Süddeutsche Zeitung

Gehalt: Minusrunde:Aufschwung am Volk vorbei

Deutsche Arbeitnehmer haben in den vergangenen Jahren immer weniger verdient, so eine Studie des Wirtschaftsinstituts DIW. Ganz anders sieht es indes bei Beamten und Selbständigen aus.

Sibylle Haas

Zum ersten Mal in der Geschichte der Bundesrepublik haben Arbeitnehmer von einem Aufschwung nicht profitiert. In den jüngsten Boomjahren 2004 bis 2008 gingen die Reallöhne in Deutschland sogar zurück. Den Beschäftigten blieb damit weniger Geld übrig als in den Jahren davor. Dies zeigt eine Untersuchung des Deutschen Instituts für Wirtschaftsforschung (DIW). "Nie zuvor ging ein durchaus kräftiges Wirtschaftswachstum mit einer Senkung der realen Nettolöhne über mehrere Jahre einher", sagt DIW-Experte Karl Brenke.

Auch die Lohnquote habe inzwischen ein historisches Tief erreicht. Sie lag in den Jahren 2007 und 2008 bei 61 Prozent. Damit ist der Anteil der Löhne am gesamten Volkseinkommen so niedrig wie noch nie in der Geschichte der Bundesrepublik. Im Gegensatz dazu sind die Einkommen aus selbständiger Tätigkeit und aus Kapitalvermögen kräftig gestiegen.
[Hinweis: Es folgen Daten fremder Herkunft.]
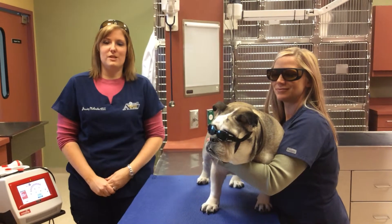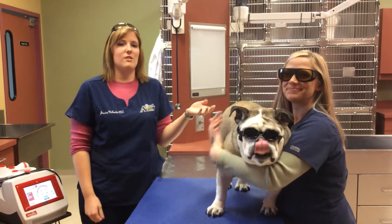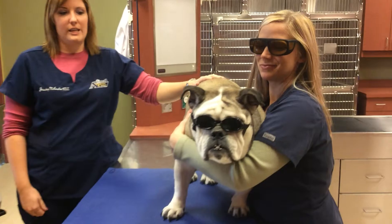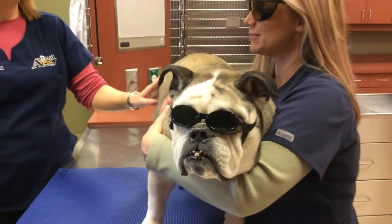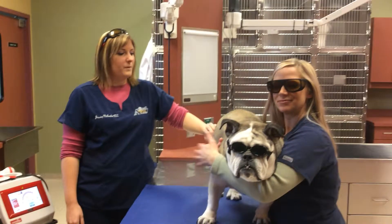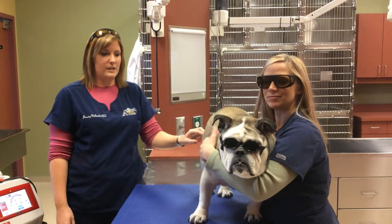Hi, my name is Jessica. I'm a certified technician at Animal Wellness Center at MoMe. This is Mandy — she's also a certified technician. And this is going to be our patient today, Smoochie. We're going to demonstrate how to use the Class 4 companion laser to treat her arthritis. The laser treats the arthritis by stimulating the cells to secrete substances that help with inflammation and pain.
Grund für den Rückgang der Arbeitnehmer-Einkommen sind laut DIW geringe nominale Lohnsteigerungen, die unter der Inflationsrate blieben. Die Belastung der Löhne mit Steuern und Sozialabgaben spiele als Ursache für die Reallohnverluste eine weniger große Rolle. Allerdings sei die Abgabenlast bei den Arbeitnehmern deutlich gestiegen.

"Bei den sozialversicherungspflichtig Beschäftigten beträgt der Anteil der Abgaben schon mehr als die Hälfte des gesamten Arbeitsentgelts", erklärt Arbeitsmarkt-Experte Brenke. Damit schulterten sie die Hauptlast, während Beamte und geringfügig Beschäftigte vergleichsweise wenige Abgaben leisteten.

Der Rückgang der Reallöhne sei bemerkenswert, weil sich die Qualifikation der Arbeitnehmer erhöht habe. "Dies hätte eigentlich einen Anstieg der Verdienste erwarten lassen", betont Brenke. Damit zeigt die Untersuchung auch, dass nicht nur die Löhne der gering Qualifizierten unter Druck geraten sind, sondern die aller Arbeitnehmer. "Eher scheint es so zu sein, dass die besonders großen Beschäftigungsprobleme der Unqualifizierten immer wieder herangezogen werden, um Forderungen nach höheren Löhnen generell im Zaum zu halten", so das DIW.

Auf der nächsten Seite: Welche Lohnquote das DIW für dieses Jahr erwartet.

Reallöhne könnten in diesem Jahr wieder zulegen

Arbeitsmarkt-Experte Brenke begründet die Lohnentwicklung insgesamt mit der schwachen Verhandlungsmacht der Gewerkschaften. "Möglicherweise ist es so, dass es den Gewerkschaften schwerer fällt, die Arbeitnehmer für höhere Lohnabschlüsse zu mobilisieren", sagt Brenke. Der Strukturwandel mache den Arbeitnehmer-Vertretern zu schaffen: In den expandierenden Dienstleistungsberufen sei der gewerkschaftliche Einfluss traditionell geringer als in der Industrie, wo die Beschäftigung stagniert.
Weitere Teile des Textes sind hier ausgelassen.